------ DATA BLOCK ------

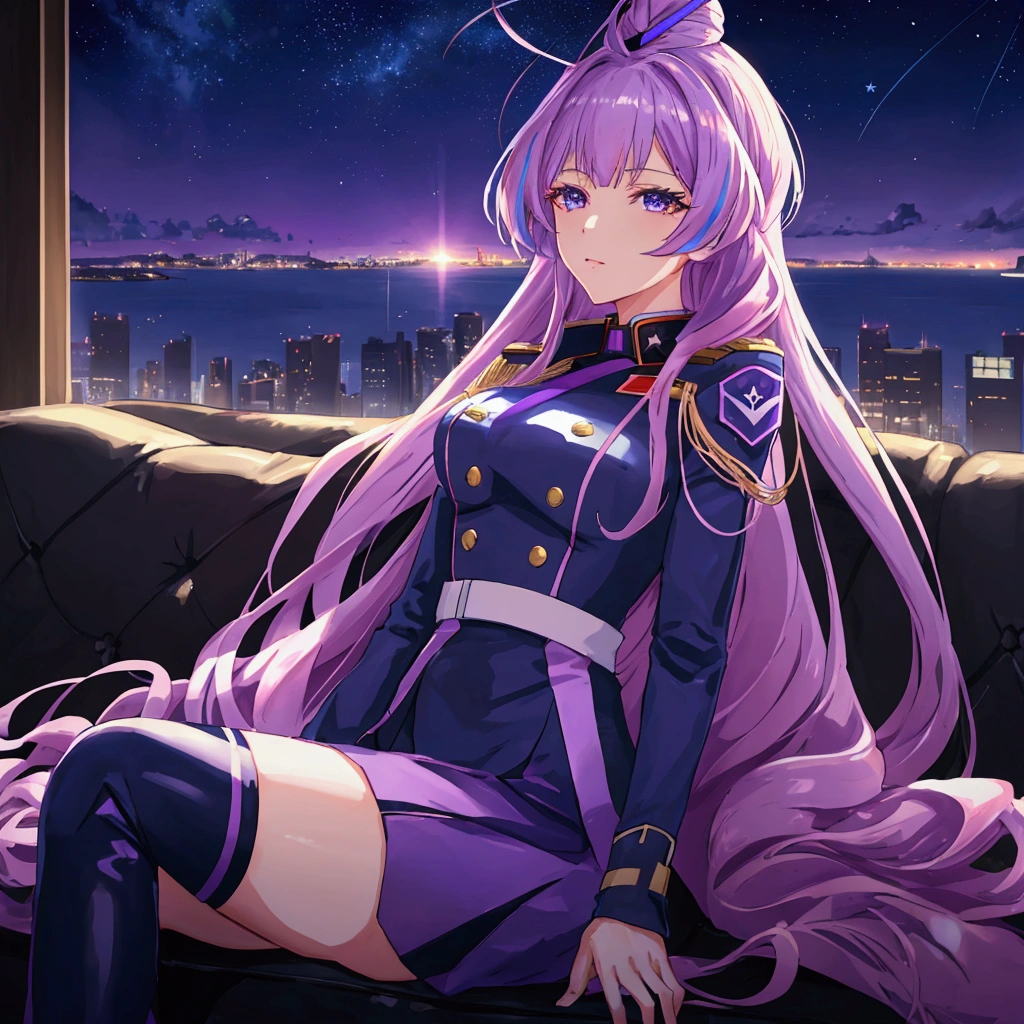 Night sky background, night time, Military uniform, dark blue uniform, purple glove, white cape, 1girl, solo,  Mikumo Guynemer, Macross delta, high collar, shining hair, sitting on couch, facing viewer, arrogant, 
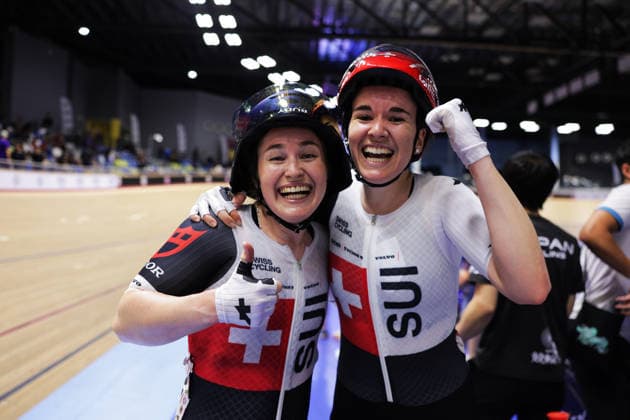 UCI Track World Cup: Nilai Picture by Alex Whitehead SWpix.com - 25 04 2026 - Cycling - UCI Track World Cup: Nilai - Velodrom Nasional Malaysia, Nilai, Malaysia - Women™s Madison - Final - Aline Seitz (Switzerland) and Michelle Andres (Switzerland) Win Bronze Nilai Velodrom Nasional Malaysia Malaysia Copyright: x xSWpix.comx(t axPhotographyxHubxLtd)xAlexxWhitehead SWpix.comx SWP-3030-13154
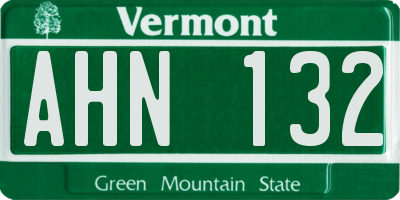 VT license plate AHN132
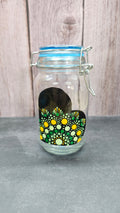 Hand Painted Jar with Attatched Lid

------

**ACTION ITEM**.
Take the lines from the one containing "UCI Track World Cup: Nilai Picture" through the final line of the listing above and print them exactly, including both ends but no pictures.

**WRITTEN ANSWER**.
 UCI Track World Cup: Nilai Picture by Alex Whitehead SWpix.com - 25 04 2026 - Cycling - UCI Track World Cup: Nilai - Velodrom Nasional Malaysia, Nilai, Malaysia - Women™s Madison - Final - Aline Seitz (Switzerland) and Michelle Andres (Switzerland) Win Bronze Nilai Velodrom Nasional Malaysia Malaysia Copyright: x xSWpix.comx(t axPhotographyxHubxLtd)xAlexxWhitehead SWpix.comx SWP-3030-13154
 VT license plate AHN132
 Hand Painted Jar with Attatched Lid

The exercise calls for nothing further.